PayPal apparently thinks it's a friction problem: in other words, that there's too much work involved in executing mobile payments at present. The eBay (EBAY) property has allowed its users in the U.S. to send money by text message for some time, but the service hasn't caught on. PayPal has now responded by making the process dead simple: it has enlisted the makers of the Bump iPhone app. Now sending money between PayPal accounts involves simply tapping two iPhones together, like this.

Apple (AAPL) seems to believe the solution is convenience. Bumping two phones is great when you need to pay back a friend, but the real horsepower of mobile e-commerce will be retail purchases, executed the moment a user wants something. Hence Apple's acquisition of a new iPhone app company called Siri, a voice-powered virtual assistant that is uncannily good at finding flights, concerts and hotel rooms. Were Apple to bake Siri into its iPhone OS and use its users' existing iTunes accounts for billing, the company could arrange lucrative partnerships with sites like StubHub, Hotels.com or Expedia (EXPE) and command a percentage off the top.

Another small but auspicious player is FaceCash, founded by Aaron Greenspan, the former Harvard student that first hired Mark Zuckerberg to work on his school social network. FaceCash's engineers seem to believe that making mobile payments cheaper for retailers will drive them away from the credit card companies they've traditionally relied on, and that the customers will follow.
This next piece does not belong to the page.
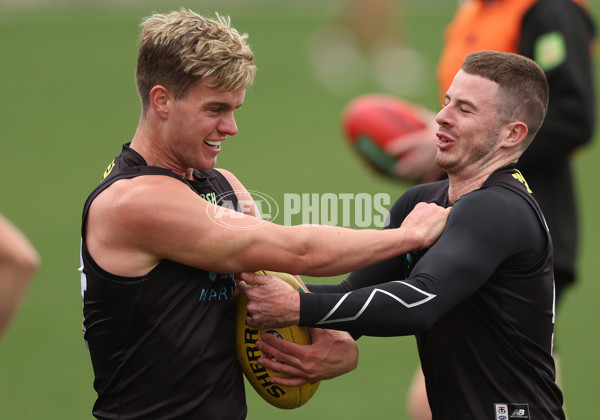 AFL 2023 Training - St Kilda 030523 - A-30120379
With FaceCash, users hold their phone up to a barcode reader at, say, a local restaurant, and the price of their check is instantly debited from their bank account. FaceCash earned itself a veritable paean from VentureBeat on April 19, despite the fact that its widespread adoption will mean getting hundreds of thousands of SMB's to install a new and separate point-of-sale systems. But it's respectable enough in its ambition, which is to dismantle Visa (V) and MasterCard (MA) as the electronic payments standards.

Smartphone app-maker Layar sees mobile purchases as suffering from a discovery problem: namely, that users need to find a place to buy something before they can even think about making a purchase. Layar works like this: hold your smartphone up to the world around you, and it shows you a live camera image from your phone, overlayed with little bubbles telling you which direction to walk to find restaurants, bars, and other points of interest. On April 28 Layar launched a virtual "store" in which companies can sell "layers" of information to users. Travel guide publisher Berlitz, for example, has signed on to sell a layer containing hotels and shopping outlets.

No wonder that heavyweights and startups alike are jockeying for the right formula; according to an estimate by Edgar, Dunn and Company, the worldwide mobile payments market will more than quadruple by 2012, to $510 billion. And with so much extra cash piling up on the major tech companies' balance sheets, some of them may choose to acquire, rather than engineer, an innovative solution.